学問の手引き



1 基礎的な考え方

2 基礎的な技術

3 学術的な探究の技術
3-1 レジュメの作成

3-2 書評

3-3 学術論文の書き方




1 基礎的な考え方

1-1. 「情報のための情報」と「問題の木の成長」

 以下の文章は、大学の講義や教員を利用しつつ、自分で勉強するために有益と思われることをメモ書き程度にまとめたものです。ほとんどは私の個人的な経験に基づくもので、大学や講座の公式の見解とは関係がありません。

(1)情報のための情報

 講義で学ぶことや、教科書に書いてあることは、本やノートやインターネットを参照すればいつでも手に入れることができます。大学で学ぶ知識のほとんどは、暗記する必要はないと思います。大学でまず学ぶべきは、以下のようなことではないでしょうか。

・知の全体の見取り図

 個別の知識がどう関連して、全体としてどういう体系を作っているのか。自分の知りたい情報はどこに分類されているか。新しい情報、今すぐに必要な情報は、すぐに古くなってしまいます。大学で学ぶ「最先端の議論」もやがて古くなったり、乗り越えられたりします。しかし、知の分類や体系はそう簡単には変わりません。

・知の臨界

 何が「すでに分かっていること」で、何が「まだ議論になっていること」(答えの出ていない問題)か。この境界線を知ることはきわめて重要です。

 答えの決まっている情報を知っただけで満足したり、まだ答えの出ていない問題を、答えが決まっているかのように錯覚したりしていないか。たとえば、「フランス革命はいつ起こったか」、「55年体制はいつ終わったか」などは、常識として知っておくに越したことはありませんが、重要度の低い知識です。「なぜ起こったのか」「なぜ終わったのか」については、複数の学説があり、それらの対立点を知ることの方がはるかに重要です。

・信頼できる情報

 何が信頼できる情報で、何が信頼できない情報か。たとえば、メディアやインターネットで流通している情報、twitterで流通している情報などが、すべてきちんとした根拠に基づいているとはかぎりません。

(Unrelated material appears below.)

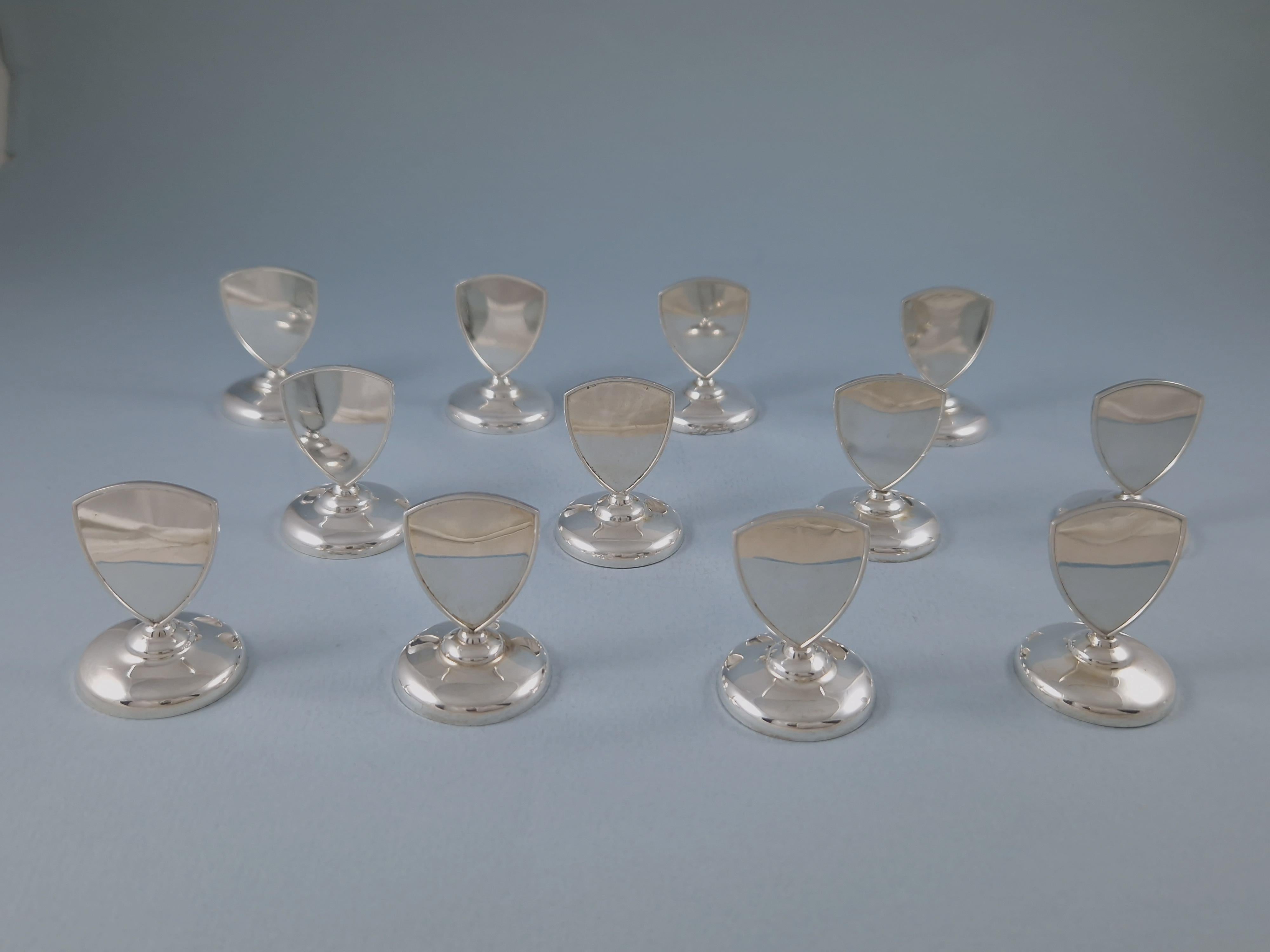 Nice set of twelve Solid Silver place card holders in the shape of a crest 

800 silver hallmark 

Height: 2.5 cm 
Weight: 180 grams
Good condition.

 自分が頼りにすることのできる情報は、どこにアクセスすれば、どのリファレンス(参考書、辞書、統計、図書館)を参照すれば手に入るのか。情報の信頼性をどう見分けるか。こうした「情報のための情報」をできるだけ多く知ることは、大学で学ぶ主要な目的のひとつと言えると思います。

(2)問題の木の成長

・問うに値いする問題とは何か

 学問では、答えが一つに決まる問題、すでに明らかになっている問題は、あまり重視されません。そうした問題は「情報のための情報」を知っていれば対応できるからです。

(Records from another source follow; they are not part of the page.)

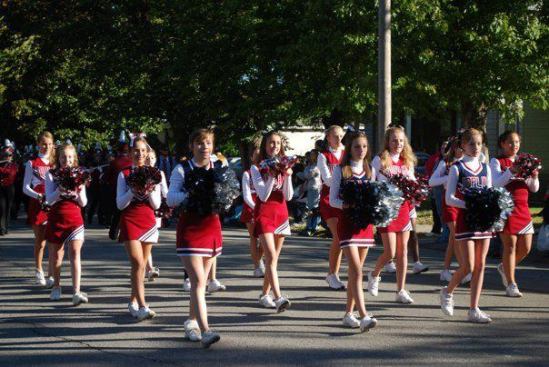 Emily Huddleston marches with the South Middle School cheerleaders in the annual Maple Leaf Parade in Carthage, Missouri, in October of 2011, five months after the tornado. The spring following the tornado, she also went out for track. On the tornado's one-year anniversary, Emily ran in the Joplin Memorial Run 5-kilometer race and came in second for her age group for girls.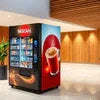 Tea premix in Noida vending machine with hot beverage options and cup dispenser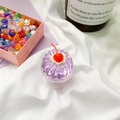 Makroaufnahme von lila Gelee-Cupcake Handyhalter mit roter Kirsche auf Stoff - Cremige Kirsche-Lila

 学問において探究する価値のある問題とは、答えが一つに決まらないこと、立場が分かれていること、専門家の間で議論になっていることです。

 答えの決まっていない問題とは、何らかの形で現在の知のあり方、社会のあり方の根本や前提とかかわっているような問題です。言いかえれば、どの立場を選択するかで、その人のものの見方や社会とのかかわり方が規定されてしまうような問題です。たとえば、「よいデモクラシーとは何か」「戦争は絶対悪か」「市場の自由と平等のバランスをどうとるべきか」「消費税はどの程度の水準が望ましいのか」「大学で職業教育をどの程度重視すべきか」などなど。

 こうした問題をできるだけ多く発見すること。それらを探究し、少しでも探究を前に進めること。可能なら、何かひとつでも「新しい問題」を自分で発見すること。

 このように知的成長とは、問題に対する「答え」を知ることではなく、価値ある「問い」を数多く自分の中に抱え、「問題の木」を成長させることです(※)(※※)。

(※)科学哲学者カール・ポパーの言葉。ポパー『果てしなき探求』(ちくま学芸文庫)を参照。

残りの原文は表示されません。